# PIP Question



## dalucca (Feb 5, 2005)

I know this question may have been asked before, but I have a question about PIP. When I have a PIP up on my 921, the clarity is beautiful, almost HD quality. But once you switch to that channel it goes back to a normal SD picture. Can someone explain why it does that and why can't it be permanent? 

One other question I know I have seen the answer but have forgotten; is there any way to tell what tuner you are on at any given time?


----------



## harsh (Jun 15, 2003)

dalucca said:


> But once you switch to that channel it goes back to a normal SD picture. Can someone explain why it does that and why can't it be permanent?


Think of it like expanding a 640x480 movie to fill your monitor on your computer.
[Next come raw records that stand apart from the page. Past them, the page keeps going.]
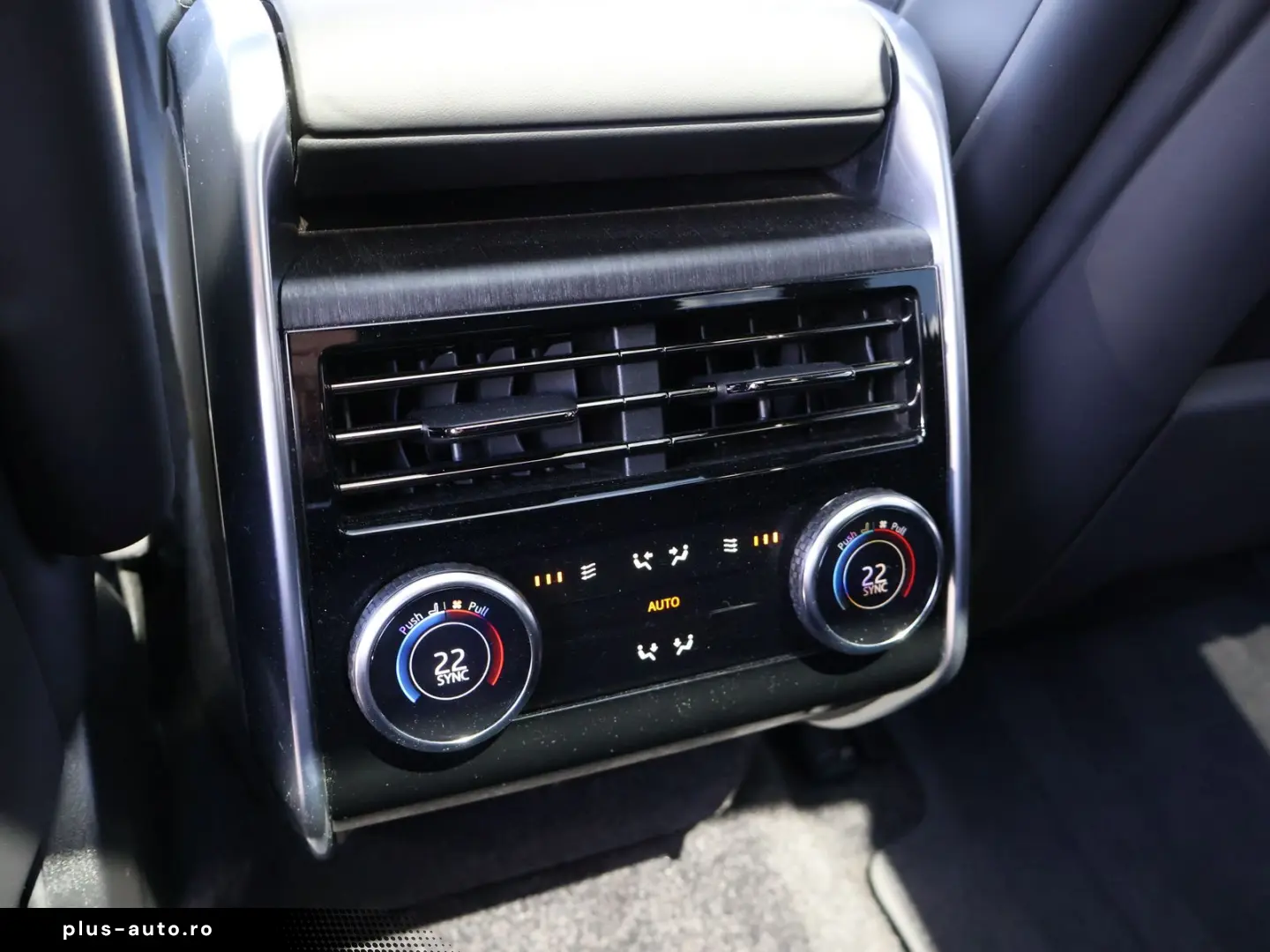 LAND ROVER Range Rover D350 HSE SWB Pano-Standhzg-KeyGo-ACC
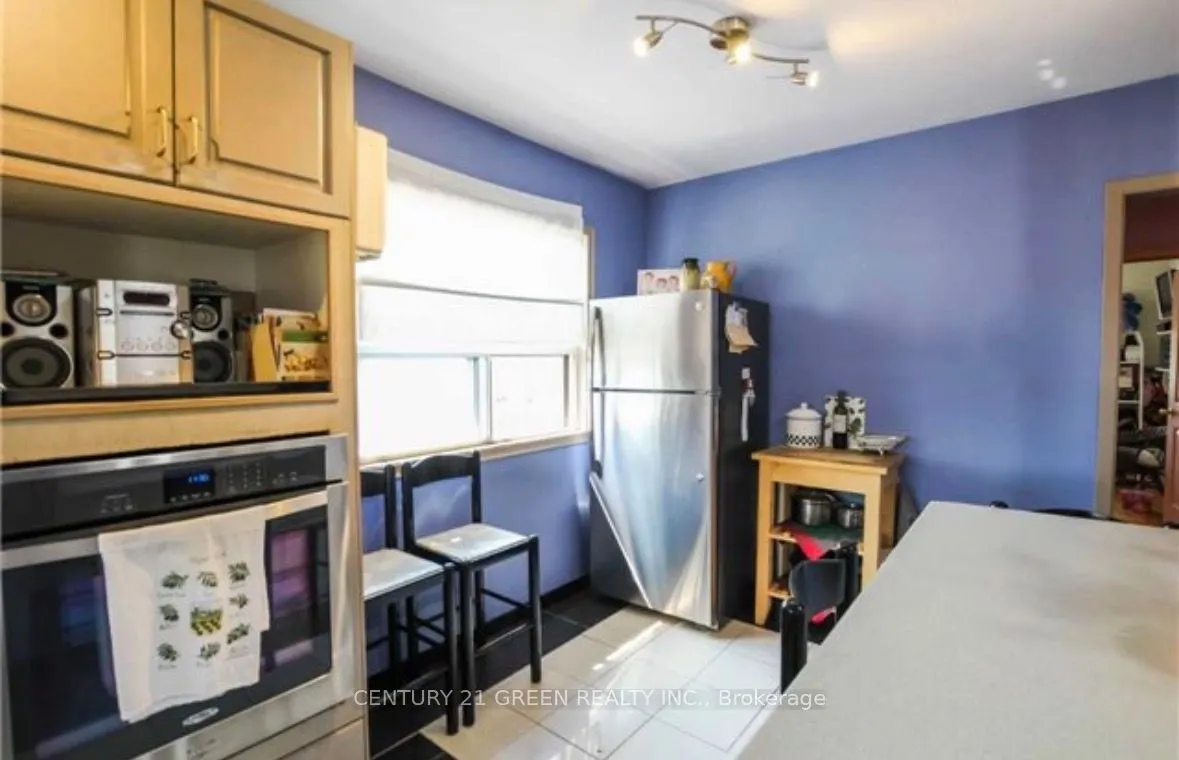 18 Roseglor Crescent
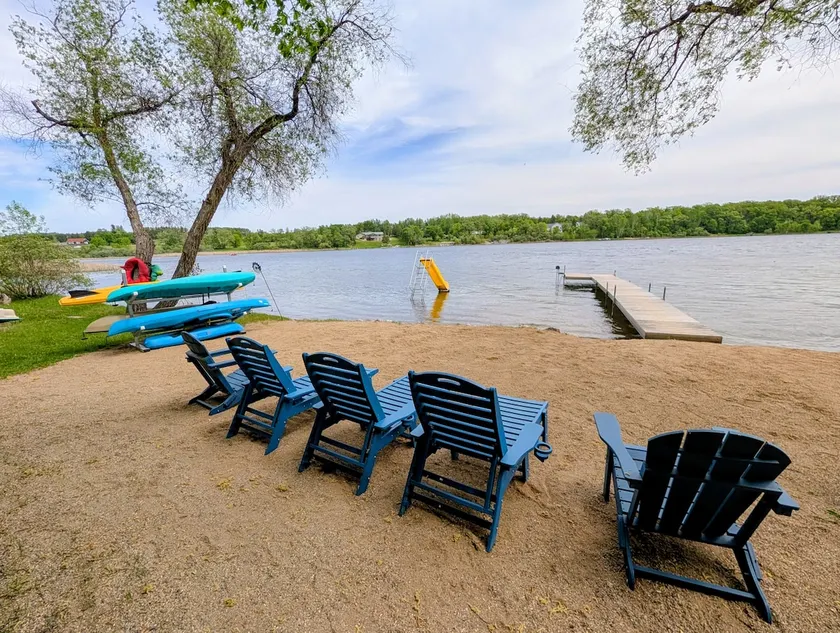 Private Beach I Lake Cabin l Pet Friendly I Kayaks - Image 1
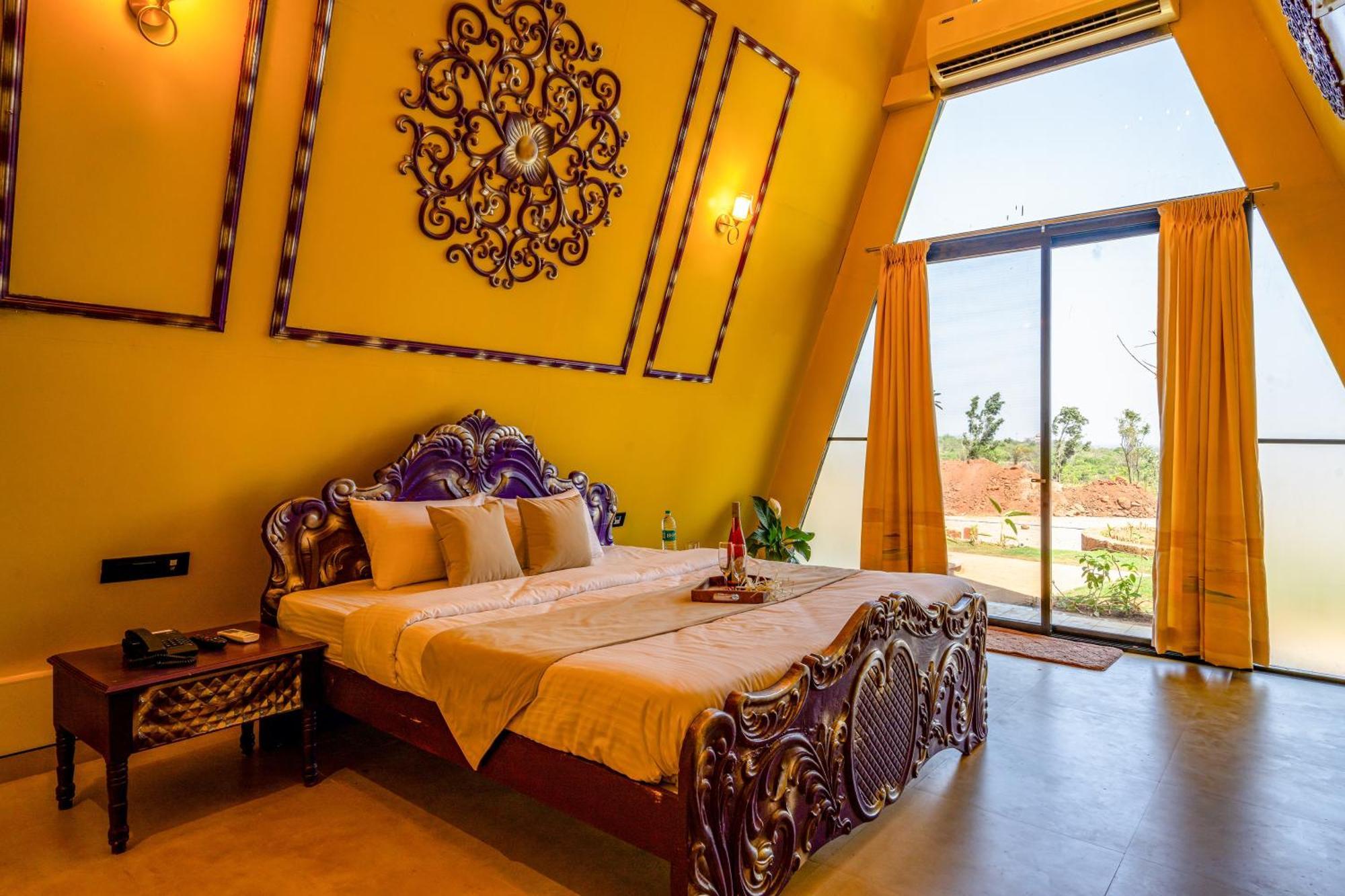 Dio Regaalo Theme Resort, Ratnāgiri Εξωτερικό φωτογραφία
What you see on your TV is the same thing.


> One other question I know I have seen the answer but have forgotten; is there any way to tell what tuner you are on at any given time?


Only if you're watching the one and only OTA tuner.


----------



## Michael P (Oct 27, 2004)

If you know the satellite & transponder number of the channel you are watching try going to the "Point Dish" screen. If transponder on tuner 1 comes up on 119 tr 12 and you were watching something you know is on 110 tr 15, flipping to tuner 2 should be on 110 tr 15.

NOTE: Don't try this while a recording is going on! (there should be a warning message to stop the recording first)


----------